DATA PROVIDED Block Start
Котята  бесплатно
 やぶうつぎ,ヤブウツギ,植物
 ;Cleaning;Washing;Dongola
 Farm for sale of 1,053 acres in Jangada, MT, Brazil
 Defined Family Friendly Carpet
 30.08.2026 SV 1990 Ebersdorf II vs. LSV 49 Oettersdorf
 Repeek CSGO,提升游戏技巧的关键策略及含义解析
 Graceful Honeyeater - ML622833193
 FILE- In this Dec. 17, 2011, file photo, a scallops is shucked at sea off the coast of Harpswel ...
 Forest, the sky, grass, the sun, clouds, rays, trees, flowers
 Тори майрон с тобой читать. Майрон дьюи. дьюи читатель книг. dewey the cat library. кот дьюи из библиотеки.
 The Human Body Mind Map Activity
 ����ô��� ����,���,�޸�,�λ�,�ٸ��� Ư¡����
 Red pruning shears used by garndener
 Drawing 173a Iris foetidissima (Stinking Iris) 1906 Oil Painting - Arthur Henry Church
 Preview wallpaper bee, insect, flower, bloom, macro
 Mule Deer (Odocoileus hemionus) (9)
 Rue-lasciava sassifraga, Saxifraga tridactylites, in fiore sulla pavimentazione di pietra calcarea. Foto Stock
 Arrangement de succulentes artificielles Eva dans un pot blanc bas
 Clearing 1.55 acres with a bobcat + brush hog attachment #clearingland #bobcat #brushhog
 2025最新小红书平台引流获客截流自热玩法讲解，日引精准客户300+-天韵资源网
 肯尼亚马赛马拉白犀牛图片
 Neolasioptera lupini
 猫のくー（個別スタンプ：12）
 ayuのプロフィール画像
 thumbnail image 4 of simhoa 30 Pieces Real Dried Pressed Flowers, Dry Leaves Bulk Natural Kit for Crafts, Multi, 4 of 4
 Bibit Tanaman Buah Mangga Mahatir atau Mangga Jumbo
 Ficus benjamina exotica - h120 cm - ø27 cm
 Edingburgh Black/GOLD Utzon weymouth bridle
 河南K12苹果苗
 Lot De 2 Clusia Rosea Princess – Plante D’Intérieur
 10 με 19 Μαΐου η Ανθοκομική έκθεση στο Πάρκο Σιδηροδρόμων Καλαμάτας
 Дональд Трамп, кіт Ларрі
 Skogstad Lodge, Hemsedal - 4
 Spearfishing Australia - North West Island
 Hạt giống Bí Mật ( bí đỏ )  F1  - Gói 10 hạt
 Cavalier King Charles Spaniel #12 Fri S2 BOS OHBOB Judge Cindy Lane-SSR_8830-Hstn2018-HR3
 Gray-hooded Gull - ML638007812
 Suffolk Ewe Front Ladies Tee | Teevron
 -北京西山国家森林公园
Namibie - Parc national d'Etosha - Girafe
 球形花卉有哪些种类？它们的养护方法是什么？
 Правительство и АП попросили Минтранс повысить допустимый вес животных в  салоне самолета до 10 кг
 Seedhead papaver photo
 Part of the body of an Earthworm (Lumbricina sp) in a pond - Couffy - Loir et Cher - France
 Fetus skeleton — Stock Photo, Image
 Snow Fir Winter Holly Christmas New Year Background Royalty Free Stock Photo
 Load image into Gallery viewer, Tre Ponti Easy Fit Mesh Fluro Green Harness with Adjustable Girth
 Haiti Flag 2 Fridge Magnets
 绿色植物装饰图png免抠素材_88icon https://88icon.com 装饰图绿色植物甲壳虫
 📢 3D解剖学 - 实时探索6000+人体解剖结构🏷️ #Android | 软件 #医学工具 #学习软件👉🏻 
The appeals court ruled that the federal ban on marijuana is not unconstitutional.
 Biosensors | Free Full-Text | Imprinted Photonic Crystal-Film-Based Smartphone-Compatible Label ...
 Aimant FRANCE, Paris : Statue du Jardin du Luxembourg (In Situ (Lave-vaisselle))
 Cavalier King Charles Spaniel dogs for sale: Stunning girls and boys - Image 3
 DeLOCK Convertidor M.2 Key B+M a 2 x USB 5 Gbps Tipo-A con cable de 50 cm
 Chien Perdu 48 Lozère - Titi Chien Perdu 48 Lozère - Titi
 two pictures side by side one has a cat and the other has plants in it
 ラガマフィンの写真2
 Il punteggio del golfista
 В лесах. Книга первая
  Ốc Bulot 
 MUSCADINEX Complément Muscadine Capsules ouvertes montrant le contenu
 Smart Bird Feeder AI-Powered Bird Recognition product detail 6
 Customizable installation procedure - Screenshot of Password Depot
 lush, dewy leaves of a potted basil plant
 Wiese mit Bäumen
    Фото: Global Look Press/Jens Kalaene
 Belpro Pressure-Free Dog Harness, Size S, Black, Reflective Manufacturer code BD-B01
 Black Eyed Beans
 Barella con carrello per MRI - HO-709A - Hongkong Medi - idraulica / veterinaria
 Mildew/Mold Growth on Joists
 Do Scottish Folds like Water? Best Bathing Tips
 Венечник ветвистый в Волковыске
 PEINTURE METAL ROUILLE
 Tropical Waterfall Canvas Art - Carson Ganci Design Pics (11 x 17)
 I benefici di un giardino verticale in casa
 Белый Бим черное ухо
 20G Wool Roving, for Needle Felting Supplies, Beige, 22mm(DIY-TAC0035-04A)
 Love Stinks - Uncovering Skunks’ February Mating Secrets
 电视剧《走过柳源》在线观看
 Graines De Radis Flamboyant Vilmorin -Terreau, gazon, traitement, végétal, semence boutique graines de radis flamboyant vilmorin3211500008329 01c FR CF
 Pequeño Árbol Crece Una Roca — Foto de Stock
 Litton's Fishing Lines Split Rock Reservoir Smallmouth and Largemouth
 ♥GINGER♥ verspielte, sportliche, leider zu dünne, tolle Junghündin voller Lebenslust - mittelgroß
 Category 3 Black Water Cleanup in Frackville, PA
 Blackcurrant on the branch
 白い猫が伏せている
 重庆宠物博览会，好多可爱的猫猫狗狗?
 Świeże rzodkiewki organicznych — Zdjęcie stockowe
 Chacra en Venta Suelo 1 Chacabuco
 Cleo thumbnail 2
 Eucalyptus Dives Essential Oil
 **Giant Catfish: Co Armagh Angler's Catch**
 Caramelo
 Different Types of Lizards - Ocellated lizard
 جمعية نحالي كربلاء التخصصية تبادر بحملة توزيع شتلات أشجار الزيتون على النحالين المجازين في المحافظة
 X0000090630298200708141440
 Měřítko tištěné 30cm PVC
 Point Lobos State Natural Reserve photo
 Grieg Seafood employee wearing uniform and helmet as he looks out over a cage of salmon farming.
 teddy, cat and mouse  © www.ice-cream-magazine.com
DATA PROVIDED Block End
▶ **YOUR INSTRUCTIONS**
Exactly as they stand, repeat all the records.

▶ **ANSWER FOR THE TASK**
Котята  бесплатно
 やぶうつぎ,ヤブウツギ,植物
 ;Cleaning;Washing;Dongola
 Farm for sale of 1,053 acres in Jangada, MT, Brazil
 Defined Family Friendly Carpet
 30.08.2026 SV 1990 Ebersdorf II vs. LSV 49 Oettersdorf
 Repeek CSGO,提升游戏技巧的关键策略及含义解析
 Graceful Honeyeater - ML622833193
 FILE- In this Dec. 17, 2011, file photo, a scallops is shucked at sea off the coast of Harpswel ...
 Forest, the sky, grass, the sun, clouds, rays, trees, flowers
 Тори майрон с тобой читать. Майрон дьюи. дьюи читатель книг. dewey the cat library. кот дьюи из библиотеки.
 The Human Body Mind Map Activity
 ����ô��� ����,���,�޸�,�λ�,�ٸ��� Ư¡����
 Red pruning shears used by garndener
 Drawing 173a Iris foetidissima (Stinking Iris) 1906 Oil Painting - Arthur Henry Church
 Preview wallpaper bee, insect, flower, bloom, macro
 Mule Deer (Odocoileus hemionus) (9)
 Rue-lasciava sassifraga, Saxifraga tridactylites, in fiore sulla pavimentazione di pietra calcarea. Foto Stock
 Arrangement de succulentes artificielles Eva dans un pot blanc bas
 Clearing 1.55 acres with a bobcat + brush hog attachment #clearingland #bobcat #brushhog
 2025最新小红书平台引流获客截流自热玩法讲解，日引精准客户300+-天韵资源网
 肯尼亚马赛马拉白犀牛图片
 Neolasioptera lupini
 猫のくー（個別スタンプ：12）
 ayuのプロフィール画像
 thumbnail image 4 of simhoa 30 Pieces Real Dried Pressed Flowers, Dry Leaves Bulk Natural Kit for Crafts, Multi, 4 of 4
 Bibit Tanaman Buah Mangga Mahatir atau Mangga Jumbo
 Ficus benjamina exotica - h120 cm - ø27 cm
 Edingburgh Black/GOLD Utzon weymouth bridle
 河南K12苹果苗
 Lot De 2 Clusia Rosea Princess – Plante D’Intérieur
 10 με 19 Μαΐου η Ανθοκομική έκθεση στο Πάρκο Σιδηροδρόμων Καλαμάτας
 Дональд Трамп, кіт Ларрі
 Skogstad Lodge, Hemsedal - 4
 Spearfishing Australia - North West Island
 Hạt giống Bí Mật ( bí đỏ )  F1  - Gói 10 hạt
 Cavalier King Charles Spaniel #12 Fri S2 BOS OHBOB Judge Cindy Lane-SSR_8830-Hstn2018-HR3
 Gray-hooded Gull - ML638007812
 Suffolk Ewe Front Ladies Tee | Teevron
 -北京西山国家森林公园
Namibie - Parc national d'Etosha - Girafe
 球形花卉有哪些种类？它们的养护方法是什么？
 Правительство и АП попросили Минтранс повысить допустимый вес животных в  салоне самолета до 10 кг
 Seedhead papaver photo
 Part of the body of an Earthworm (Lumbricina sp) in a pond - Couffy - Loir et Cher - France
 Fetus skeleton — Stock Photo, Image
 Snow Fir Winter Holly Christmas New Year Background Royalty Free Stock Photo
 Load image into Gallery viewer, Tre Ponti Easy Fit Mesh Fluro Green Harness with Adjustable Girth
 Haiti Flag 2 Fridge Magnets
 绿色植物装饰图png免抠素材_88icon https://88icon.com 装饰图绿色植物甲壳虫
 📢 3D解剖学 - 实时探索6000+人体解剖结构🏷️ #Android | 软件 #医学工具 #学习软件👉🏻 
The appeals court ruled that the federal ban on marijuana is not unconstitutional.
 Biosensors | Free Full-Text | Imprinted Photonic Crystal-Film-Based Smartphone-Compatible Label ...
 Aimant FRANCE, Paris : Statue du Jardin du Luxembourg (In Situ (Lave-vaisselle))
 Cavalier King Charles Spaniel dogs for sale: Stunning girls and boys - Image 3
 DeLOCK Convertidor M.2 Key B+M a 2 x USB 5 Gbps Tipo-A con cable de 50 cm
 Chien Perdu 48 Lozère - Titi Chien Perdu 48 Lozère - Titi
 two pictures side by side one has a cat and the other has plants in it
 ラガマフィンの写真2
 Il punteggio del golfista
 В лесах. Книга первая
  Ốc Bulot 
 MUSCADINEX Complément Muscadine Capsules ouvertes montrant le contenu
 Smart Bird Feeder AI-Powered Bird Recognition product detail 6
 Customizable installation procedure - Screenshot of Password Depot
 lush, dewy leaves of a potted basil plant
 Wiese mit Bäumen
    Фото: Global Look Press/Jens Kalaene
 Belpro Pressure-Free Dog Harness, Size S, Black, Reflective Manufacturer code BD-B01
 Black Eyed Beans
 Barella con carrello per MRI - HO-709A - Hongkong Medi - idraulica / veterinaria
 Mildew/Mold Growth on Joists
 Do Scottish Folds like Water? Best Bathing Tips
 Венечник ветвистый в Волковыске
 PEINTURE METAL ROUILLE
 Tropical Waterfall Canvas Art - Carson Ganci Design Pics (11 x 17)
 I benefici di un giardino verticale in casa
 Белый Бим черное ухо
 20G Wool Roving, for Needle Felting Supplies, Beige, 22mm(DIY-TAC0035-04A)
 Love Stinks - Uncovering Skunks’ February Mating Secrets
 电视剧《走过柳源》在线观看
 Graines De Radis Flamboyant Vilmorin -Terreau, gazon, traitement, végétal, semence boutique graines de radis flamboyant vilmorin3211500008329 01c FR CF
 Pequeño Árbol Crece Una Roca — Foto de Stock
 Litton's Fishing Lines Split Rock Reservoir Smallmouth and Largemouth
 ♥GINGER♥ verspielte, sportliche, leider zu dünne, tolle Junghündin voller Lebenslust - mittelgroß
 Category 3 Black Water Cleanup in Frackville, PA
 Blackcurrant on the branch
 白い猫が伏せている
 重庆宠物博览会，好多可爱的猫猫狗狗?
 Świeże rzodkiewki organicznych — Zdjęcie stockowe
 Chacra en Venta Suelo 1 Chacabuco
 Cleo thumbnail 2
 Eucalyptus Dives Essential Oil
 **Giant Catfish: Co Armagh Angler's Catch**
 Caramelo
 Different Types of Lizards - Ocellated lizard
 جمعية نحالي كربلاء التخصصية تبادر بحملة توزيع شتلات أشجار الزيتون على النحالين المجازين في المحافظة
 X0000090630298200708141440
 Měřítko tištěné 30cm PVC
 Point Lobos State Natural Reserve photo
 Grieg Seafood employee wearing uniform and helmet as he looks out over a cage of salmon farming.
 teddy, cat and mouse  © www.ice-cream-magazine.com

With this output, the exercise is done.